The tutorial introduces the concept of bioequivalence studies, which are clinical trials designed to compare a generic drug formulation (Test) with an approved reference drug formulation (Reference) to determine if they behave similarly in the human body.

This first unit of a 15-unit course demonstrates how to use Pumas software to analyze bioequivalence data, focusing on a simple parallel design study where subjects receive either the test or reference formulation. The tutorial explains that bioequivalence analysis typically focuses on pharmacokinetic endpoints such as AUC (area under the curve) and Cmax (maximum concentration), rather than comparing complete concentration-time profiles. Using the pumas_be function, we statistically compare these endpoints and interpret the results based on whether the 90% confidence interval for the geometric mean ratio falls within the regulatory acceptance range of 80-125% or not.

9 Unit exercises

  1. Run the code of this unit in Pumas.
  2. Carry out bioequivalence analysis for be_analysis_data_3 using endpoint = :cmax. Why is the result the same as that when we ran pumas_be(be_analysis_data, endpoint = :cmax)?
  3. Consider the regulatory documents listed. Browse the documents and in each document find up to 5 terms that you did not know of prior, and attempt to define them.

References

EMA. 2010. “Guideline on the Investigation of Bioequivalence.” 2010. https://www.ema.europa.eu/en/documents/scientific-guideline/guideline-investigation-bioequivalence-rev1_en.pdf.
———. 2015. “Questions & Answers: Positions on Specific Questions Addressed to the Pharmacokinetics Working Party (PKWP). November 2015.” 2015. https://www.ema.europa.eu/en/documents/scientific-guideline/questions-and-answers-positions-specific-questions-addressed-pharmacokinetics-working-party_en.pdf.
FDA. 2001. “Statistical Approaches to Establishing Bioequivalence. Guidance for Industry.” 2001. https://www.fda.gov/media/70958/download.
———. 2011. “FDA, Draft Guidance on Progesterone. Recommended Apr 2010; Revised Feb 2011.” 2011. https://www.accessdata.fda.gov/drugsatfda_docs/psg/Progesterone_caps_19781_RC02-11.pdf.
———. 2012. “FDA, Draft Guidance on Warfarin Sodium. Recommended Dec 2012.” 2012. https://www.accessdata.fda.gov/drugsatfda_docs/psg/Warfarin_Sodium_tab_09218_RC12-12.pdf.
———. 2021. “FDA Bioequivalence Studies with Pharmacokinetic Endpoints for Drugs Submitted Under an ANDA Guidance for Industry.
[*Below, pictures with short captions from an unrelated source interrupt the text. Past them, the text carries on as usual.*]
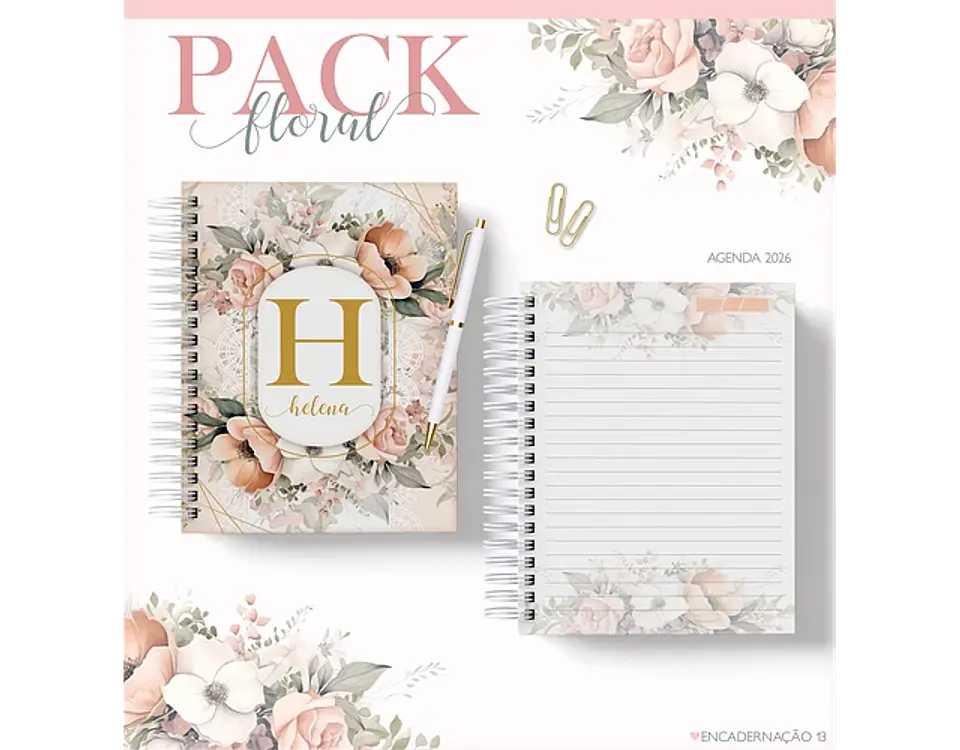 Arquivo encadernação pack floral 2 - LINA 2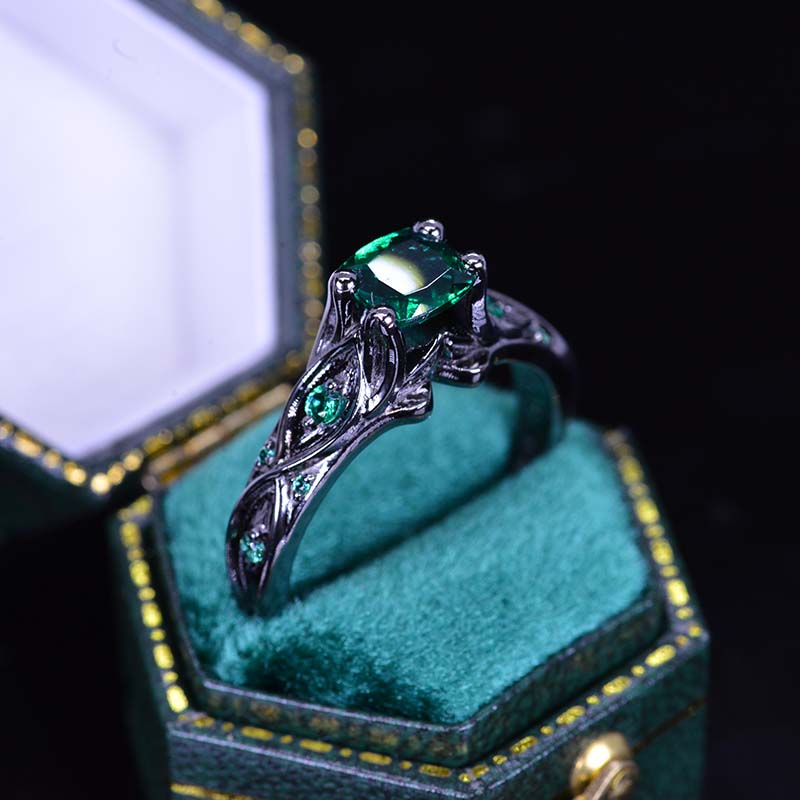14K Black Gold Cushion Emerald Celtic Engagement Ring 14K Black Gold Cushion Emerald Celtic Engagement Ring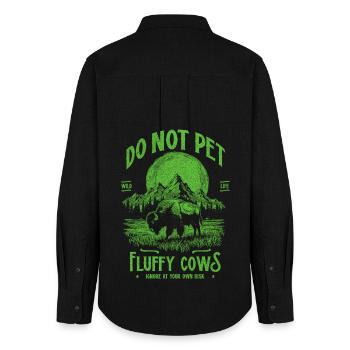 Vintage Buffalo Do Not Pet Fluffy Cows Funny Bison - Women's Oxford Shirt - black - Back - AI Model Female 172 light (172cm)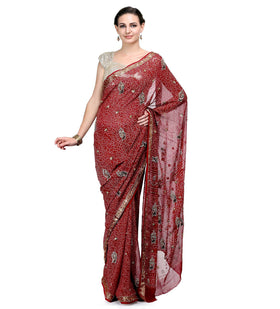 Maroon Faux Georgette Saree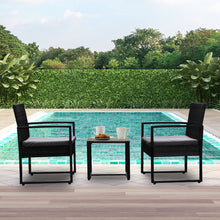 Load image into Gallery viewer, Arcadia Furniture Outdoor 3 Piece Wicker Rattan Patio Set Garden Patio Home - Black and Grey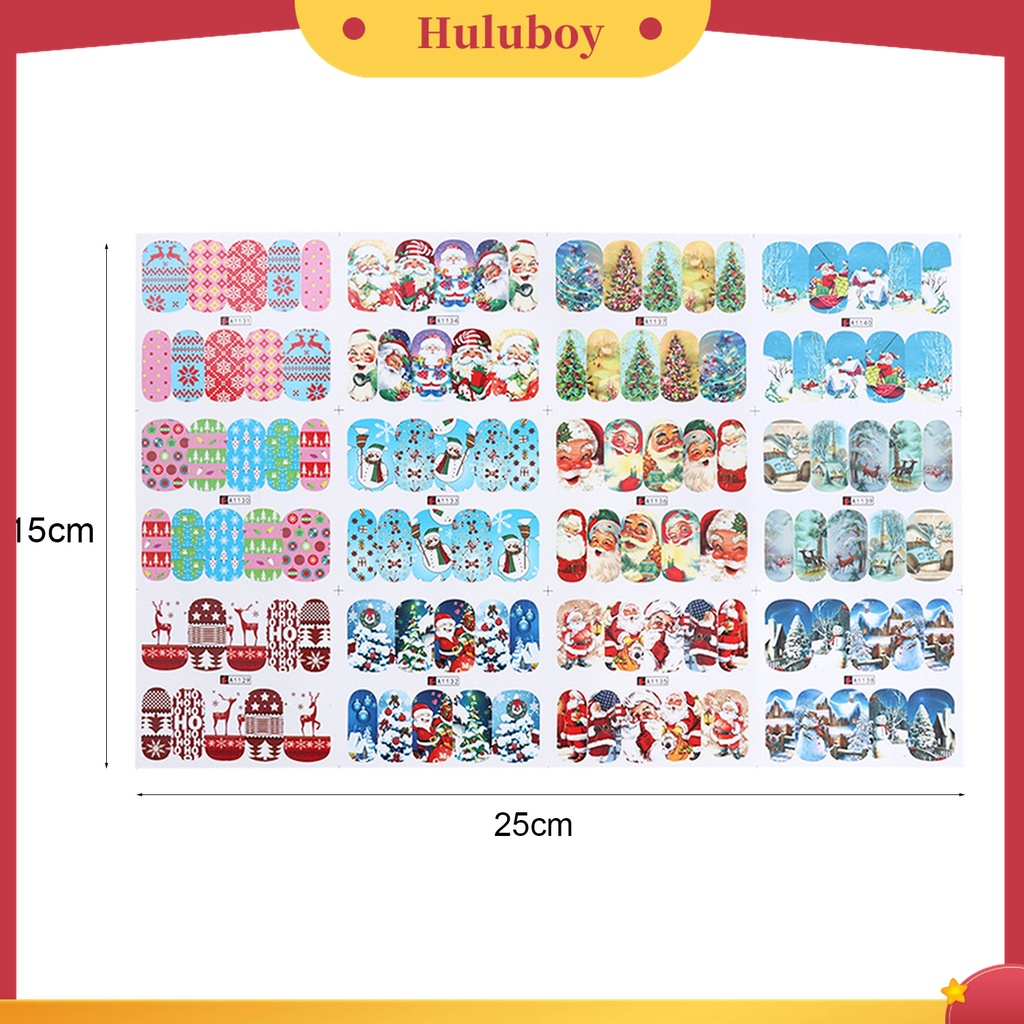 Huluboy Huluboy♡ Stiker Kuku Motif Natal 3D Untuk Manicure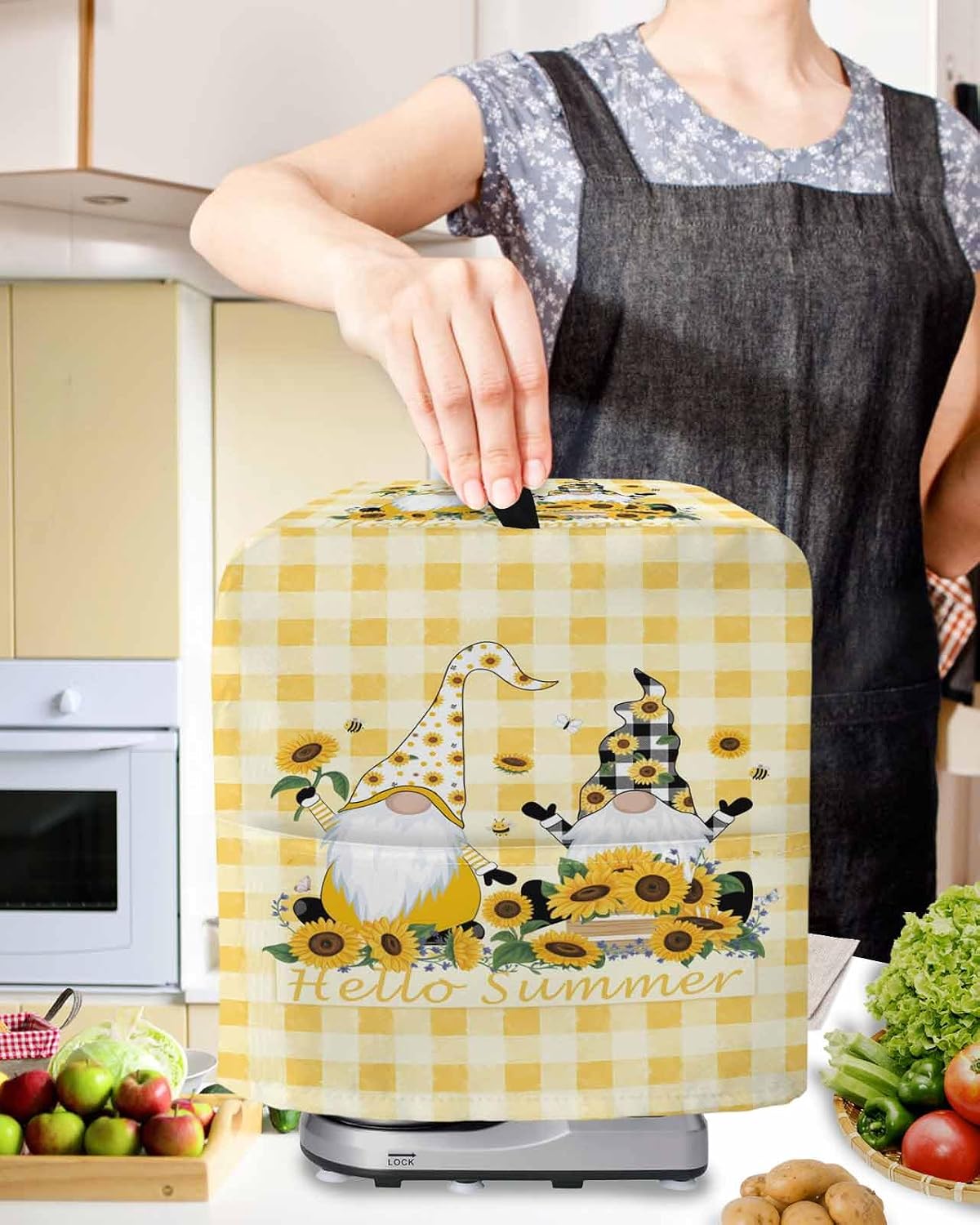 Gnomes Sunflowers Stand Mixer Cover with Storage Pocket, Waterproof Kitchen Mixer Covers, Pastoral Botanical Yellow Plaid Kitchen Appliance Dust Cover Compatible with 5-8 Quart Mixers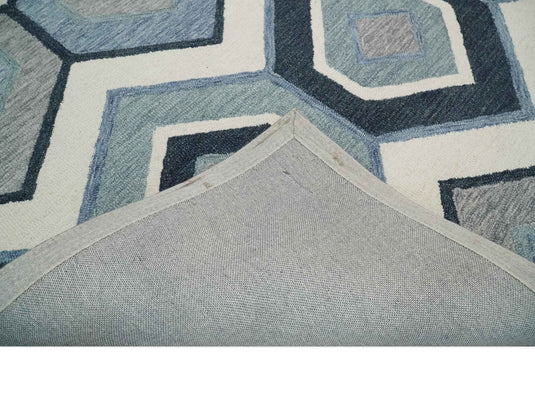 Custom Made Geometrical Honeycomb Pattern Ivory, Blue And Gray Hand Tufted  Wool Area Rug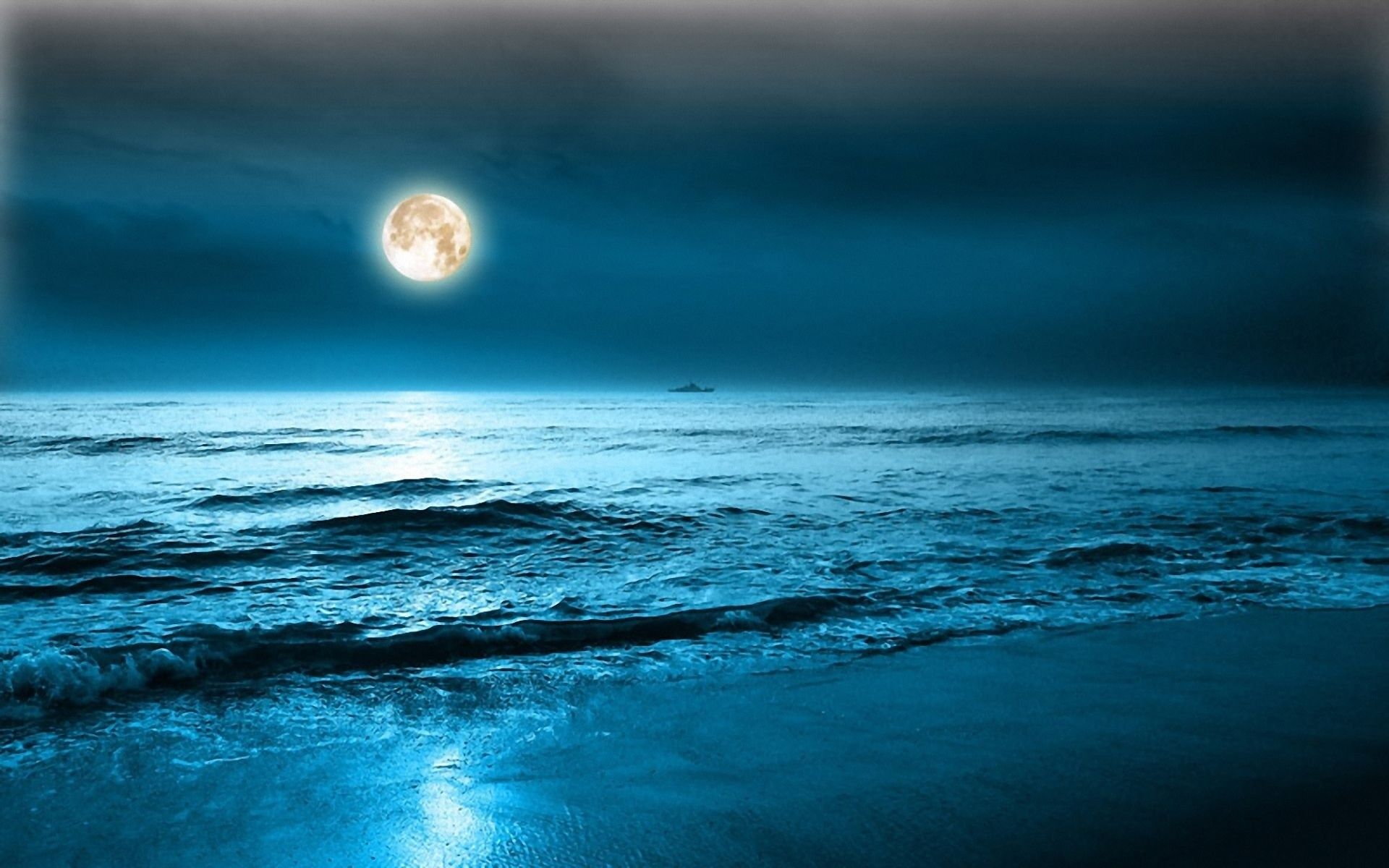 Oceano notturno con luna piena, 1920x1200 Full HD+ WUXGA, Desktop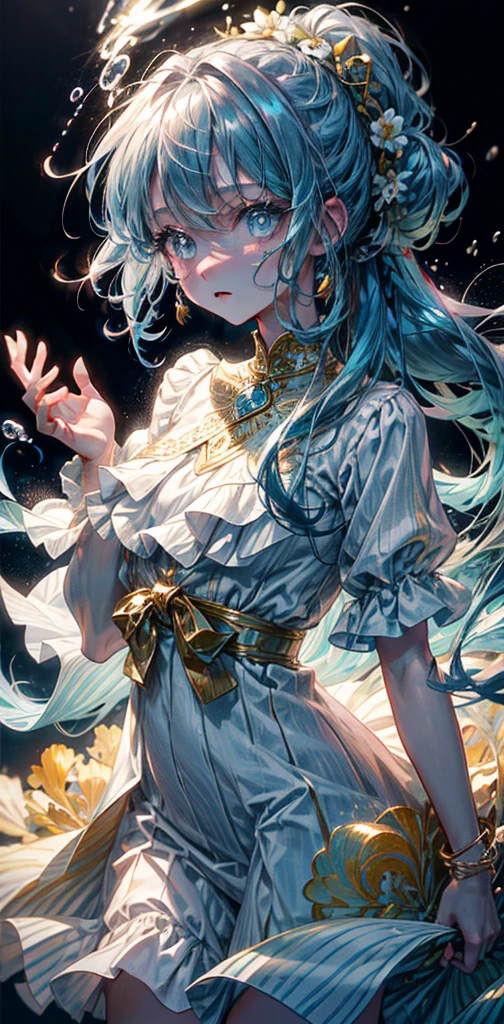 (masterpiece), (best quality), (ultra detailed),(disheveled hair),(illustration), (1girl), (Fashionable clothing), standing, Fashion model, looking at viewer, (interview), (simple background),beautiful detailed eyes, delicate beautiful face, Floating,(high saturation),(colorful splashes),colorful bubble,(shining), focus on face,  ponytail, kamisato ayaka, light blue hair, bangs, hair ring, floating flowers, floating hairs, (shining), best lighting, best shadow,perfect hand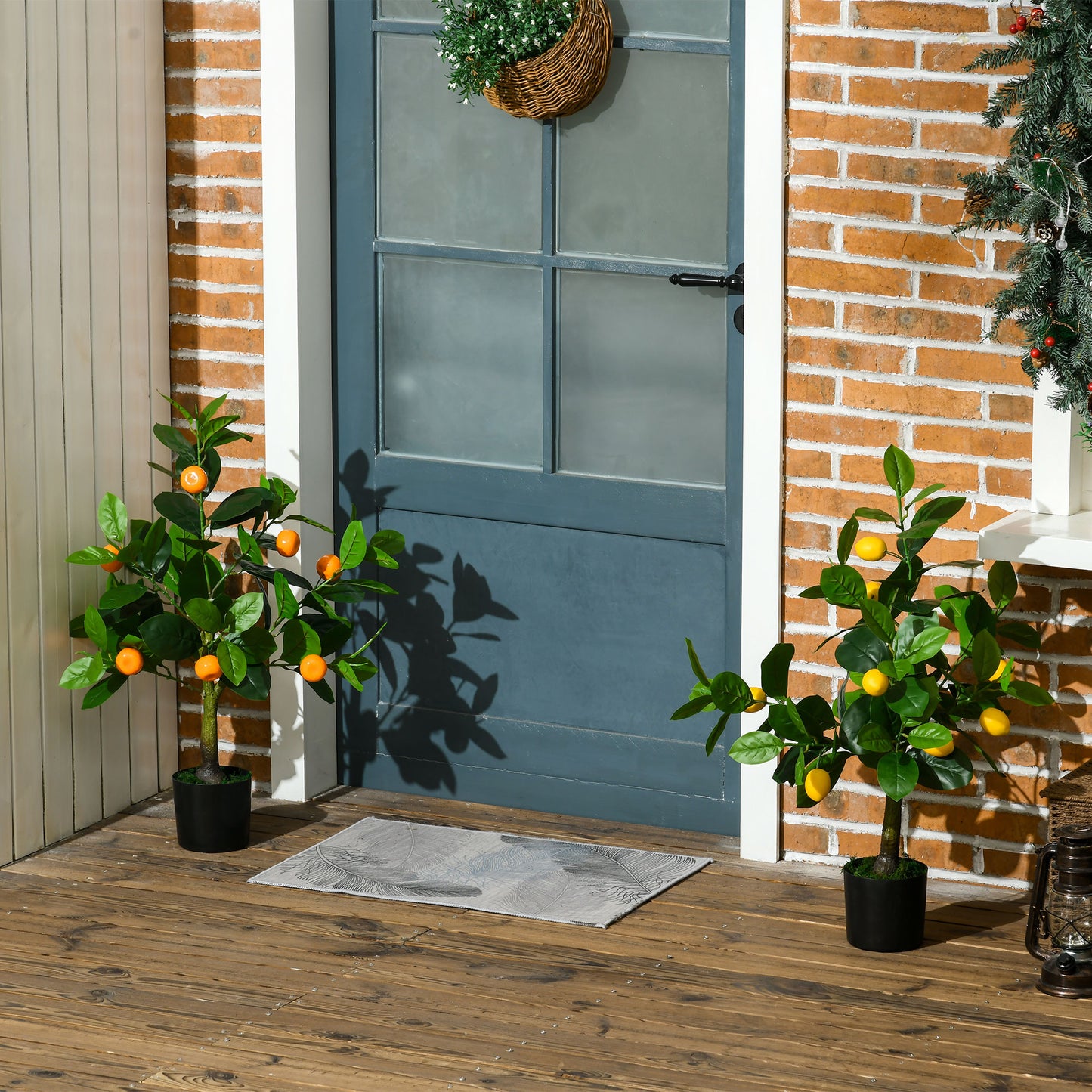 HOMCOM Set of 2 Artificial Plants, Lemon and Orange Tree with Pot, for Home Indoor Outdoor Decor, 60cm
Recommended Aug 2021.” 2021. https://www.fda.gov/media/87219/download.
———. 2022. “Statistical Approaches to Establishing Bioequivalence. Guidance for Industry.” 2022. https://www.fda.gov/media/163638/download.
———. 2025. “FDA Product-Specific Guidances for Generic Drug Development.” 2025. https://www.accessdata.fda.gov/scripts/cder/psg/index.cfm.
International council for harmonisation of technical requirements for pharmaceuticals for human use, ICH -. 2024. “Bioequivalence for Immediate Release Solid Oral Dosage Forms - M13A - July 2024.” 2024. https://database.ich.org/sites/default/files/ICH_M13A_Step4_Final_Guideline_2024_0723.pdf.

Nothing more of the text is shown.